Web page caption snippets
⟨
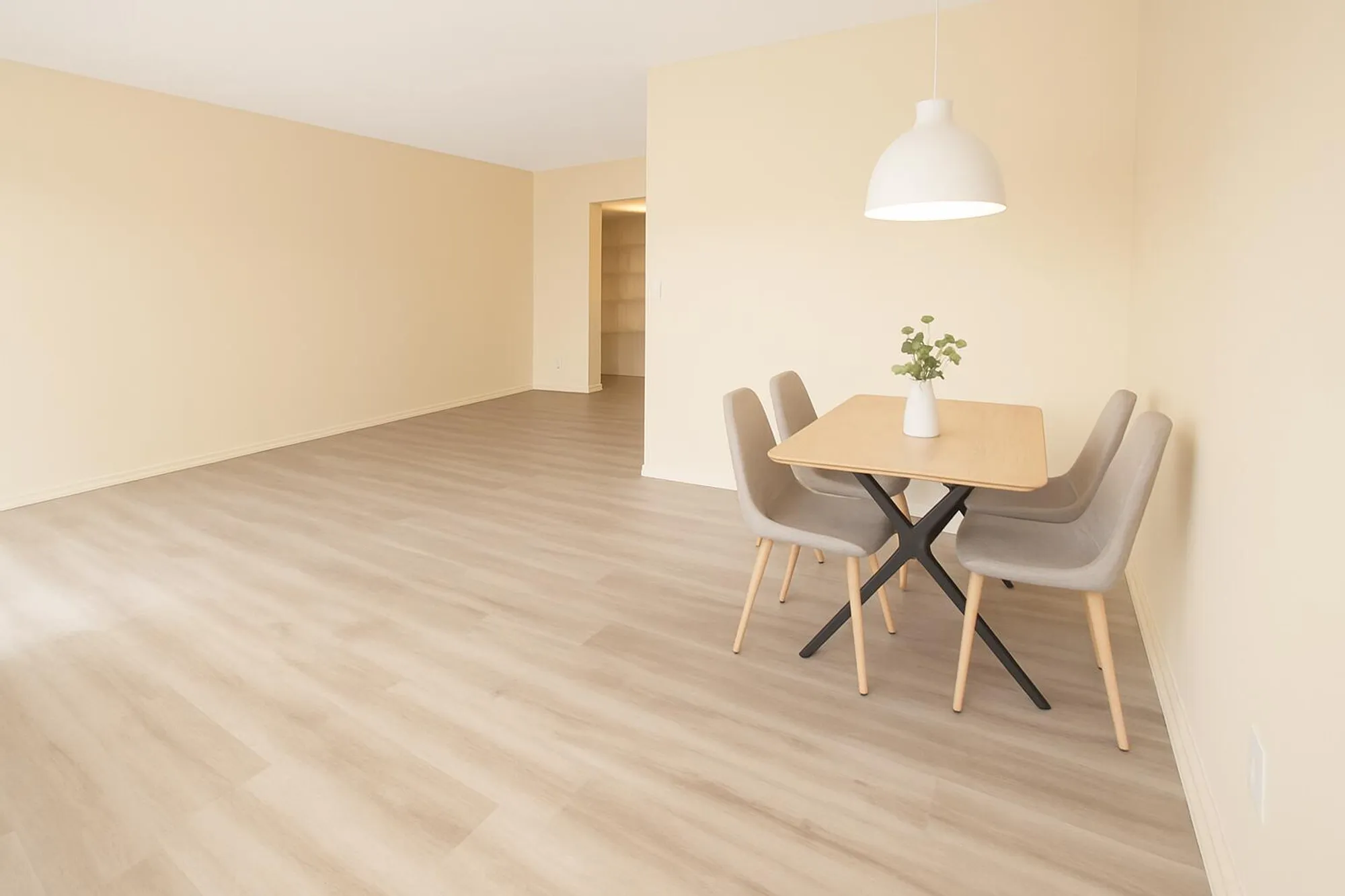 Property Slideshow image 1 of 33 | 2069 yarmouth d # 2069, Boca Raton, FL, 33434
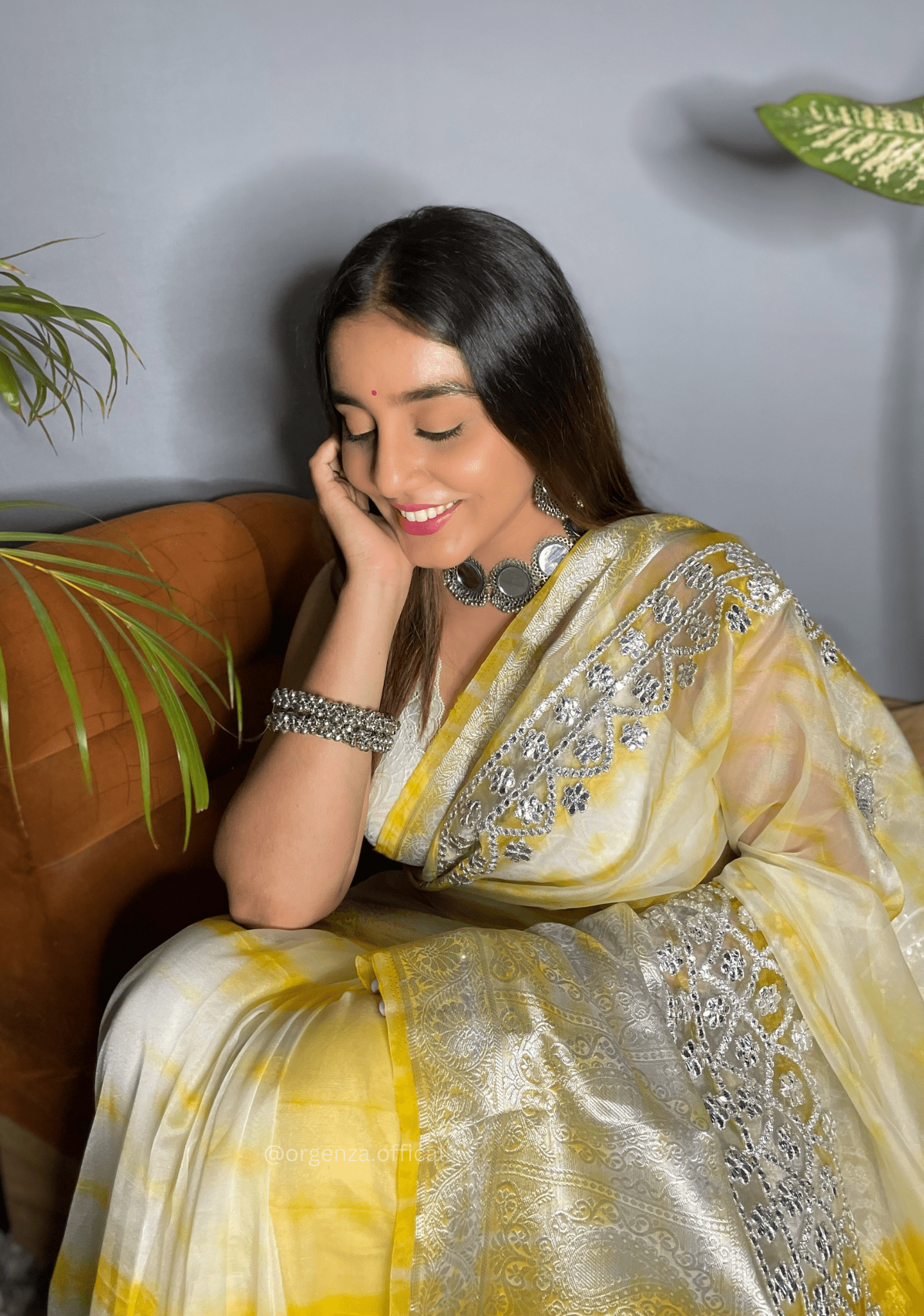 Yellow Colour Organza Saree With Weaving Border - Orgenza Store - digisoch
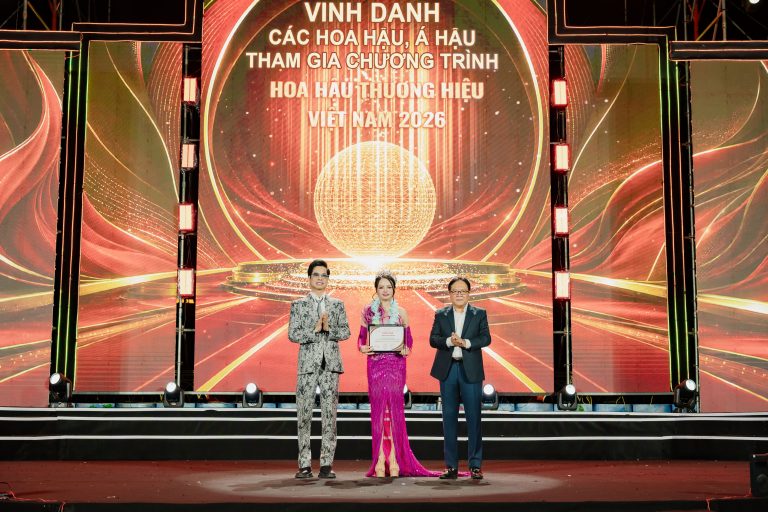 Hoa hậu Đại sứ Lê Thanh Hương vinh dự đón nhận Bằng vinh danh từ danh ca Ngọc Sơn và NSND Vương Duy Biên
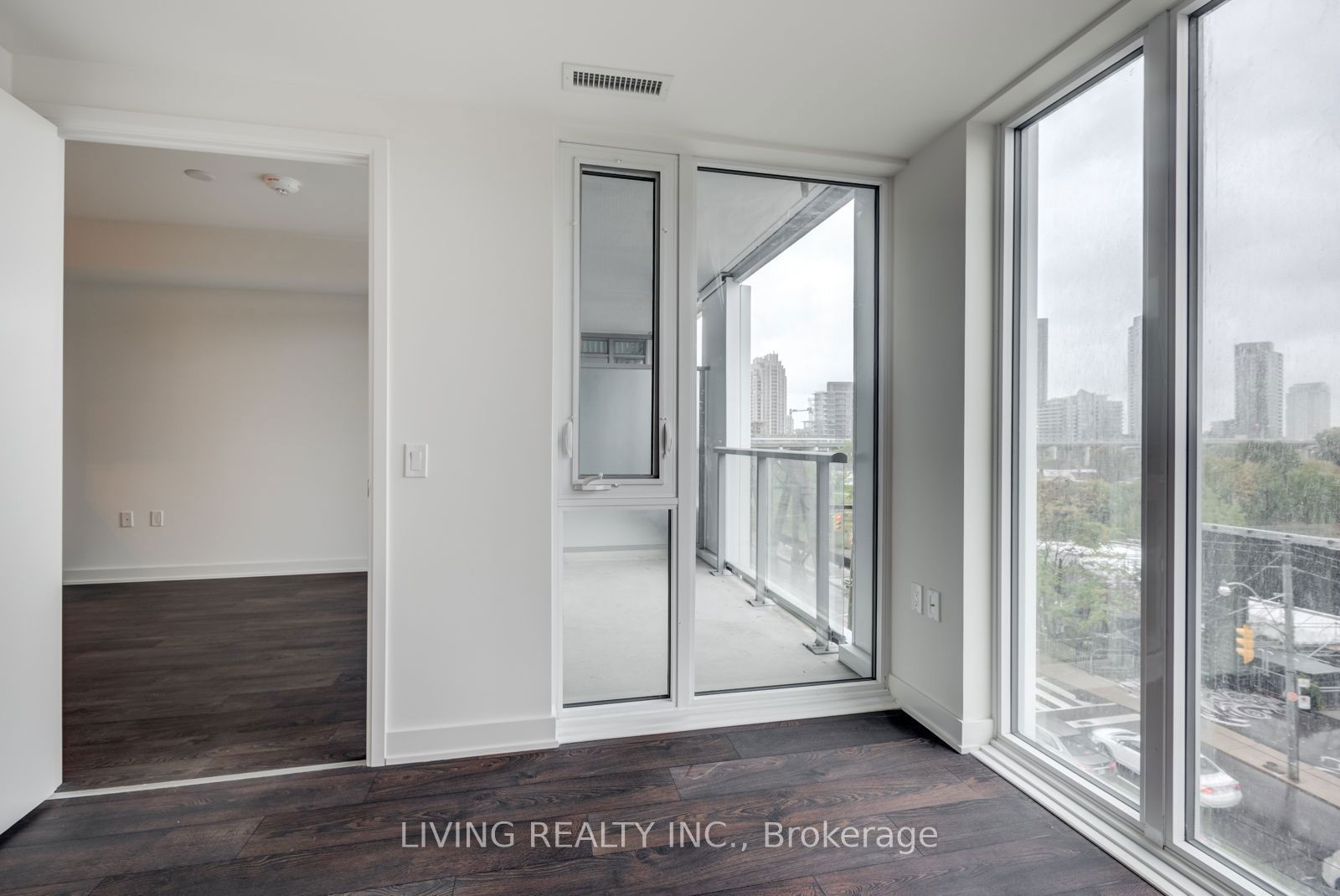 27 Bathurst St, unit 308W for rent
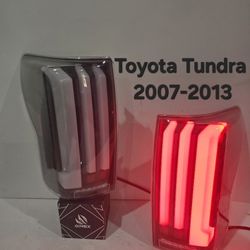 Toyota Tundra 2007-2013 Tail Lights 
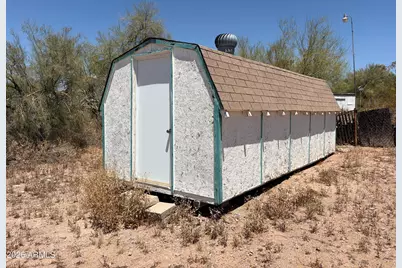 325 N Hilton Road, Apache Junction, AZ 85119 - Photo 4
⟩
⟨
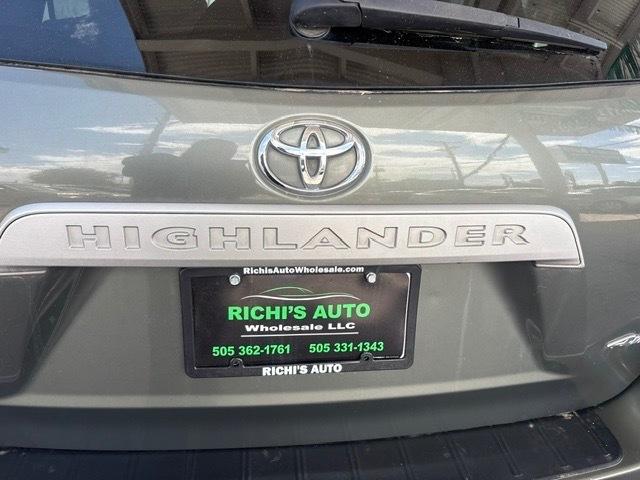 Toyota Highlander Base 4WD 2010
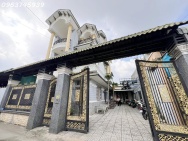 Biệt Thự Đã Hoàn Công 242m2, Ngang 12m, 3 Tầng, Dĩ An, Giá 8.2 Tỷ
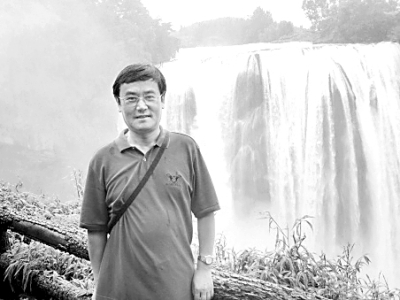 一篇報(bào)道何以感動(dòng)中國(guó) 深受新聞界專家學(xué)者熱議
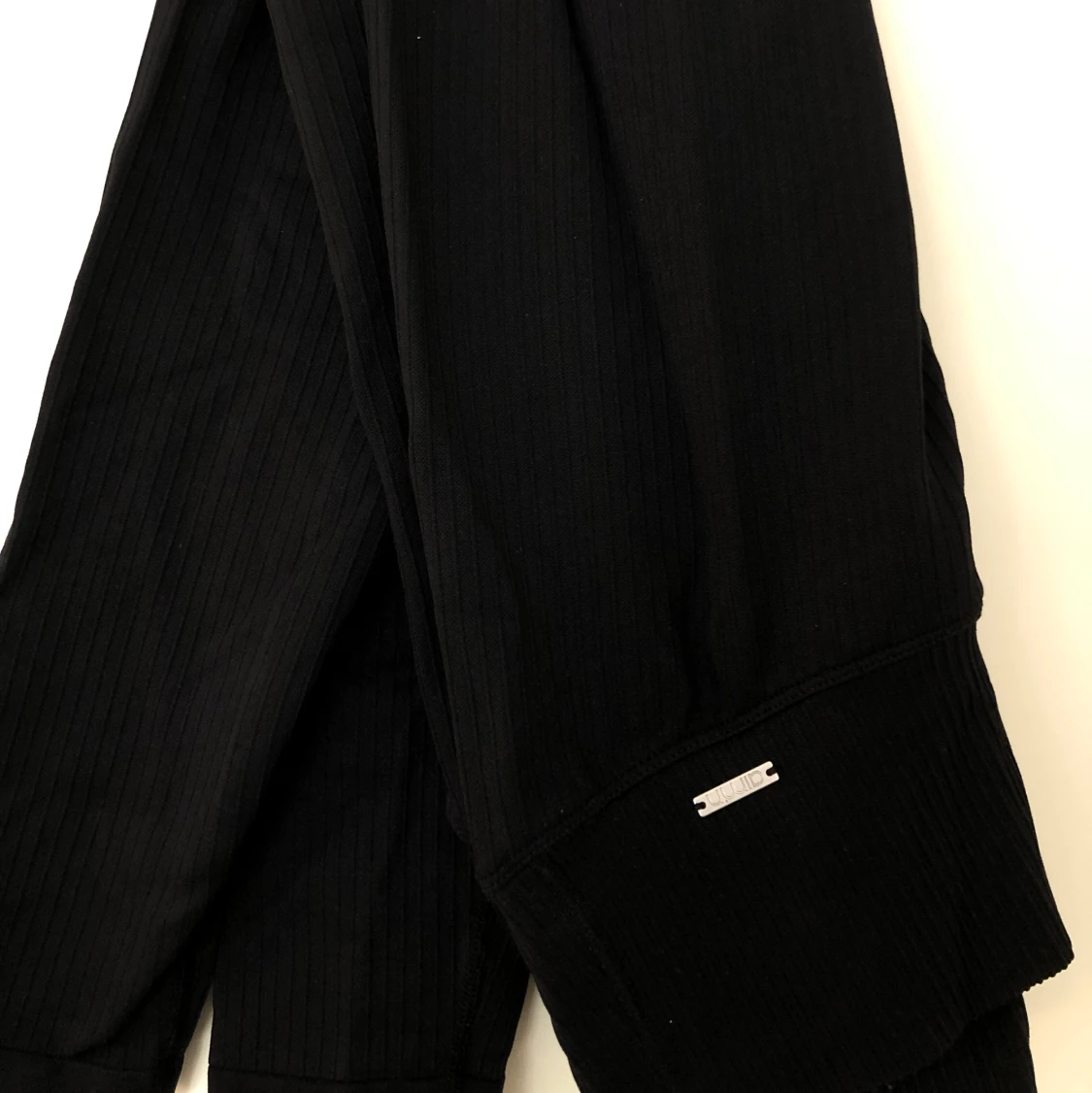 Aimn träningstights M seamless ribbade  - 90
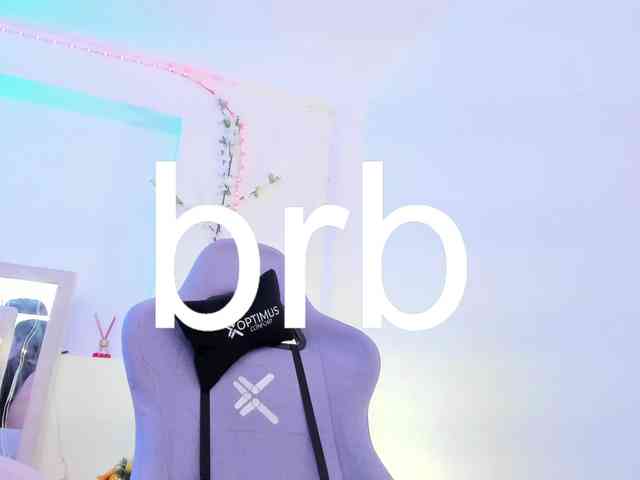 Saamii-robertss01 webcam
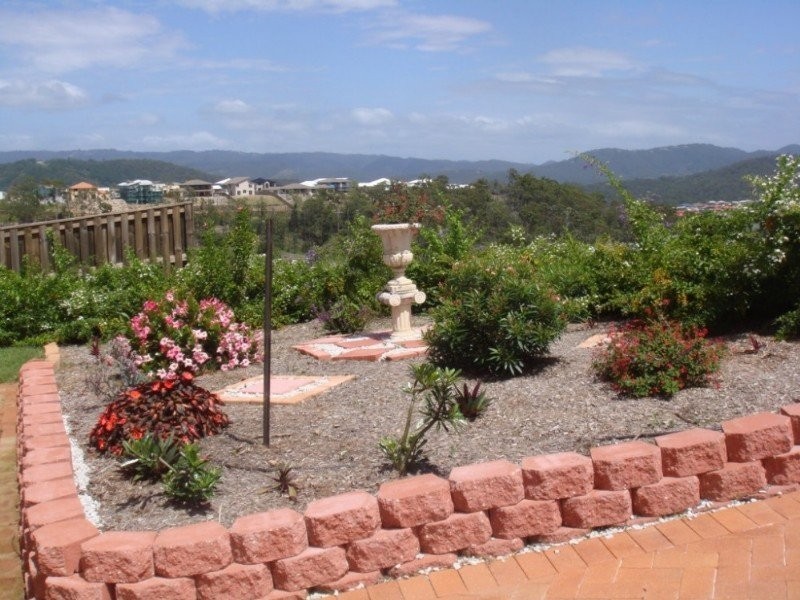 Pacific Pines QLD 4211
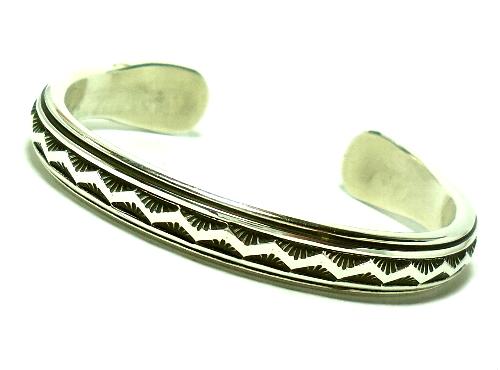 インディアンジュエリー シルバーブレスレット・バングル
⟩
Using the records above, print exactly the lines between the ones containing "Aimn träningstights M" and "インディアンジュエリー シルバーブレスレット・バングル", inclusive, and nothing else; no pictures.

 Aimn träningstights M seamless ribbade  - 90
 Saamii-robertss01 webcam
 Pacific Pines QLD 4211
 インディアンジュエリー シルバーブレスレット・バングル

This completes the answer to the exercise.